BOISE, Idaho – After leading the nation last year in passing a law to sue the federal government over the health care overhaul, Idaho’s Republican-dominated Legislature now plans to use an obscure 18th century doctrine to declare President Barack Obama’s signature bill null and void.
Lawmakers in six other states — Maine, Montana, Oregon, Nebraska, Texas and Wyoming — are also mulling “nullification” bills, which contend states, not the U.S. Supreme Court, are the ultimate arbiter of when Congress and the president run amok.
It’s a concept that’s won favor among many tea party adherents who believe Washington, D.C., is out of control.

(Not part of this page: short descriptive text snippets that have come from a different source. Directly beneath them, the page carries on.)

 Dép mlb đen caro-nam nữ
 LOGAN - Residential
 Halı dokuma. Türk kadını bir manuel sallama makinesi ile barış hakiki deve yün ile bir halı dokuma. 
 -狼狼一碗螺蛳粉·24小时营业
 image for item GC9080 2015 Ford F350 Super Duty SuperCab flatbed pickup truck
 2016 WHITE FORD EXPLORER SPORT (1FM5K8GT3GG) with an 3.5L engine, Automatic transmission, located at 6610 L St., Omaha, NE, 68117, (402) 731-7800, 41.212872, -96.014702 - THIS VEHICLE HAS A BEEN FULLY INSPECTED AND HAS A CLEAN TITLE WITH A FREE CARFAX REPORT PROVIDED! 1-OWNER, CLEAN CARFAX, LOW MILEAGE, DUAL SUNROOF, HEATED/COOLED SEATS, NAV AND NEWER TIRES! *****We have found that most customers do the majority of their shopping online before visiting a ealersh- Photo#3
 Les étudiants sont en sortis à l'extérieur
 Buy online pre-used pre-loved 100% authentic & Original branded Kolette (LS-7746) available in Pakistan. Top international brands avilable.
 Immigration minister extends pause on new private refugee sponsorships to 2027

Though a 1958 U.S. Supreme Court decision reaffirmed that federal laws “shall be the supreme law of the land,” Gov. C.L. “Butch” Otter is promoting the idea, too. In his January 10 State of the State speech, he told Idaho residents “we are actively exploring all our options — including nullification.”
Sen. Monty Pearce, an Idaho GOP lawmaker who plans to introduce a nullification bill early next week, wanted to be the first one to give Otter a recently published book on the subject, “Nullification: How to Resist Federal Tyranny in the 21st Century.”
But Otter beat him to the punch.
“I took that copy and tried to give it to the governor,” he said, pointing to a copy on his desk. “He already had a copy.”
Sick of just passing largely symbolic resolutions decrying federal encroachment on states’ rights, proponents like Pearce say their bills will ratchet up the pressure on the feds: This isn’t just some piece of paper to wave about; if it passes — and there’s plenty in Idaho to suggest it will — this would become the law of the state, Pearce says.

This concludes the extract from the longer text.